Can you reproduce the data beneath, keeping every line exact?

=== Begin Enclosure ===

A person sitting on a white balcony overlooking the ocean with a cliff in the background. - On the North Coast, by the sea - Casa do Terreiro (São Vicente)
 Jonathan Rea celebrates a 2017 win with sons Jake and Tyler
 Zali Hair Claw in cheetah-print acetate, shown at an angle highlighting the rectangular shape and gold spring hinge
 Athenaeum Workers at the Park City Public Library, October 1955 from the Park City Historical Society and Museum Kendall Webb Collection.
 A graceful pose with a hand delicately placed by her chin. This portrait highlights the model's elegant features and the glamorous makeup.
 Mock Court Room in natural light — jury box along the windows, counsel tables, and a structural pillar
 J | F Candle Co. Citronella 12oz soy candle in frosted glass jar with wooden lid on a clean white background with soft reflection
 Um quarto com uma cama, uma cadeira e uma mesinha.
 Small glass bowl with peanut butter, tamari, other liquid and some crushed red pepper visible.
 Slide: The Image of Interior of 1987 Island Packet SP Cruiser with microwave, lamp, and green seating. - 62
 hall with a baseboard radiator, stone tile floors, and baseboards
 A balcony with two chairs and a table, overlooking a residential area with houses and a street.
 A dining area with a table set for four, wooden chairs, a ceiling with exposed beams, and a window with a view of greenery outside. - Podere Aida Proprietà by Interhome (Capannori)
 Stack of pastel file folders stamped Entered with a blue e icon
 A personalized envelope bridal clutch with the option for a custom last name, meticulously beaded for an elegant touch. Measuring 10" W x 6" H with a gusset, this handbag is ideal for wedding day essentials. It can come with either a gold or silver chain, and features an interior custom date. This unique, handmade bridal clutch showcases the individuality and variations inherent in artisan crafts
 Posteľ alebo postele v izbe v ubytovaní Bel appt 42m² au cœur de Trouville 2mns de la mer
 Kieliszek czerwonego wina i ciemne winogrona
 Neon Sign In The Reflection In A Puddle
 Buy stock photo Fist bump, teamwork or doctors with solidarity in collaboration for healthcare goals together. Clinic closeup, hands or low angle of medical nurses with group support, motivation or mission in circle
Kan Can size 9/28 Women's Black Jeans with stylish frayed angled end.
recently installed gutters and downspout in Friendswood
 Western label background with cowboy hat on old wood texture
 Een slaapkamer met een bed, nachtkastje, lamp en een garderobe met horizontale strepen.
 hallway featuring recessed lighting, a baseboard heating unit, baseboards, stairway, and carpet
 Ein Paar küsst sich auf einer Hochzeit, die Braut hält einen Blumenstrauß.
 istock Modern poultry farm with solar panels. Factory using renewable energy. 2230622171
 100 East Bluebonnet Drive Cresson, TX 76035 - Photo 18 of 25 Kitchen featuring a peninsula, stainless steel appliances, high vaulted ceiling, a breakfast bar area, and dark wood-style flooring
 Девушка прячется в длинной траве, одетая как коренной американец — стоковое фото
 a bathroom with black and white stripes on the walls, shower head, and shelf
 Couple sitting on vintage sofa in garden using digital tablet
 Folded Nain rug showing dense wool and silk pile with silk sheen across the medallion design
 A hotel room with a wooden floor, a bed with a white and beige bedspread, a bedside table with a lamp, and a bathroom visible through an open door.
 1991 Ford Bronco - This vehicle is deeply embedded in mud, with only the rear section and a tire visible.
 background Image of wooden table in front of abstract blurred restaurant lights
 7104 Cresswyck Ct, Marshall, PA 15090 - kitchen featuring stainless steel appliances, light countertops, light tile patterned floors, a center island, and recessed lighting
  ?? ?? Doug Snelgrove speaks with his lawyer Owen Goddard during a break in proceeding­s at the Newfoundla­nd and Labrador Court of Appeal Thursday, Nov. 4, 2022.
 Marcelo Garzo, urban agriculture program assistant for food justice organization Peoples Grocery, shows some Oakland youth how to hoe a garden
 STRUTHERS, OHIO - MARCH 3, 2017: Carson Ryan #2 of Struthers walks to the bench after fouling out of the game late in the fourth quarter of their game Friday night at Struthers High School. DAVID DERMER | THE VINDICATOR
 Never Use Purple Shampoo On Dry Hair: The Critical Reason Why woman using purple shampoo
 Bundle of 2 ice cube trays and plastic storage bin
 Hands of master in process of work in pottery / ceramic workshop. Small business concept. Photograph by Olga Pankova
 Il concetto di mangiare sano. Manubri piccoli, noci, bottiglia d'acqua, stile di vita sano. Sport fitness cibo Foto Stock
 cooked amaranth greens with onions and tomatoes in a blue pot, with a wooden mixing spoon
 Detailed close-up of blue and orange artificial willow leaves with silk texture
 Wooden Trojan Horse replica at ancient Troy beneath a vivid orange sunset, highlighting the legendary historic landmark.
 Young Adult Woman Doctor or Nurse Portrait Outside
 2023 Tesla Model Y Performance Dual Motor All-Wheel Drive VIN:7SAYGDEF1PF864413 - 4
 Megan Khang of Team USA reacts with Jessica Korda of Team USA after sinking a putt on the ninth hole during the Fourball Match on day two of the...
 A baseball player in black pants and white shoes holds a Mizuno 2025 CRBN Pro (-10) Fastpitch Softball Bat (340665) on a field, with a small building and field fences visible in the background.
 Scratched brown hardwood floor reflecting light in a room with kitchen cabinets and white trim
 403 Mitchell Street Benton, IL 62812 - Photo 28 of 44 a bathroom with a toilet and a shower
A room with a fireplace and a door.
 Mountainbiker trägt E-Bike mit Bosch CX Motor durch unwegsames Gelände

=== End Enclosure ===

→ **REPLY TO THE EXERCISE**:
A person sitting on a white balcony overlooking the ocean with a cliff in the background. - On the North Coast, by the sea - Casa do Terreiro (São Vicente)
 Jonathan Rea celebrates a 2017 win with sons Jake and Tyler
 Zali Hair Claw in cheetah-print acetate, shown at an angle highlighting the rectangular shape and gold spring hinge
 Athenaeum Workers at the Park City Public Library, October 1955 from the Park City Historical Society and Museum Kendall Webb Collection.
 A graceful pose with a hand delicately placed by her chin. This portrait highlights the model's elegant features and the glamorous makeup.
 Mock Court Room in natural light — jury box along the windows, counsel tables, and a structural pillar
 J | F Candle Co. Citronella 12oz soy candle in frosted glass jar with wooden lid on a clean white background with soft reflection
 Um quarto com uma cama, uma cadeira e uma mesinha.
 Small glass bowl with peanut butter, tamari, other liquid and some crushed red pepper visible.
 Slide: The Image of Interior of 1987 Island Packet SP Cruiser with microwave, lamp, and green seating. - 62
 hall with a baseboard radiator, stone tile floors, and baseboards
 A balcony with two chairs and a table, overlooking a residential area with houses and a street.
 A dining area with a table set for four, wooden chairs, a ceiling with exposed beams, and a window with a view of greenery outside. - Podere Aida Proprietà by Interhome (Capannori)
 Stack of pastel file folders stamped Entered with a blue e icon
 A personalized envelope bridal clutch with the option for a custom last name, meticulously beaded for an elegant touch. Measuring 10" W x 6" H with a gusset, this handbag is ideal for wedding day essentials. It can come with either a gold or silver chain, and features an interior custom date. This unique, handmade bridal clutch showcases the individuality and variations inherent in artisan crafts
 Posteľ alebo postele v izbe v ubytovaní Bel appt 42m² au cœur de Trouville 2mns de la mer
 Kieliszek czerwonego wina i ciemne winogrona
 Neon Sign In The Reflection In A Puddle
 Buy stock photo Fist bump, teamwork or doctors with solidarity in collaboration for healthcare goals together. Clinic closeup, hands or low angle of medical nurses with group support, motivation or mission in circle
Kan Can size 9/28 Women's Black Jeans with stylish frayed angled end.
recently installed gutters and downspout in Friendswood
 Western label background with cowboy hat on old wood texture
 Een slaapkamer met een bed, nachtkastje, lamp en een garderobe met horizontale strepen.
 hallway featuring recessed lighting, a baseboard heating unit, baseboards, stairway, and carpet
 Ein Paar küsst sich auf einer Hochzeit, die Braut hält einen Blumenstrauß.
 istock Modern poultry farm with solar panels. Factory using renewable energy. 2230622171
 100 East Bluebonnet Drive Cresson, TX 76035 - Photo 18 of 25 Kitchen featuring a peninsula, stainless steel appliances, high vaulted ceiling, a breakfast bar area, and dark wood-style flooring
 Девушка прячется в длинной траве, одетая как коренной американец — стоковое фото
 a bathroom with black and white stripes on the walls, shower head, and shelf
 Couple sitting on vintage sofa in garden using digital tablet
 Folded Nain rug showing dense wool and silk pile with silk sheen across the medallion design
 A hotel room with a wooden floor, a bed with a white and beige bedspread, a bedside table with a lamp, and a bathroom visible through an open door.
 1991 Ford Bronco - This vehicle is deeply embedded in mud, with only the rear section and a tire visible.
 background Image of wooden table in front of abstract blurred restaurant lights
 7104 Cresswyck Ct, Marshall, PA 15090 - kitchen featuring stainless steel appliances, light countertops, light tile patterned floors, a center island, and recessed lighting
  ?? ?? Doug Snelgrove speaks with his lawyer Owen Goddard during a break in proceeding­s at the Newfoundla­nd and Labrador Court of Appeal Thursday, Nov. 4, 2022.
 Marcelo Garzo, urban agriculture program assistant for food justice organization Peoples Grocery, shows some Oakland youth how to hoe a garden
 STRUTHERS, OHIO - MARCH 3, 2017: Carson Ryan #2 of Struthers walks to the bench after fouling out of the game late in the fourth quarter of their game Friday night at Struthers High School. DAVID DERMER | THE VINDICATOR
 Never Use Purple Shampoo On Dry Hair: The Critical Reason Why woman using purple shampoo
 Bundle of 2 ice cube trays and plastic storage bin
 Hands of master in process of work in pottery / ceramic workshop. Small business concept. Photograph by Olga Pankova
 Il concetto di mangiare sano. Manubri piccoli, noci, bottiglia d'acqua, stile di vita sano. Sport fitness cibo Foto Stock
 cooked amaranth greens with onions and tomatoes in a blue pot, with a wooden mixing spoon
 Detailed close-up of blue and orange artificial willow leaves with silk texture
 Wooden Trojan Horse replica at ancient Troy beneath a vivid orange sunset, highlighting the legendary historic landmark.
 Young Adult Woman Doctor or Nurse Portrait Outside
 2023 Tesla Model Y Performance Dual Motor All-Wheel Drive VIN:7SAYGDEF1PF864413 - 4
 Megan Khang of Team USA reacts with Jessica Korda of Team USA after sinking a putt on the ninth hole during the Fourball Match on day two of the...
 A baseball player in black pants and white shoes holds a Mizuno 2025 CRBN Pro (-10) Fastpitch Softball Bat (340665) on a field, with a small building and field fences visible in the background.
 Scratched brown hardwood floor reflecting light in a room with kitchen cabinets and white trim
 403 Mitchell Street Benton, IL 62812 - Photo 28 of 44 a bathroom with a toilet and a shower
A room with a fireplace and a door.
 Mountainbiker trägt E-Bike mit Bosch CX Motor durch unwegsames Gelände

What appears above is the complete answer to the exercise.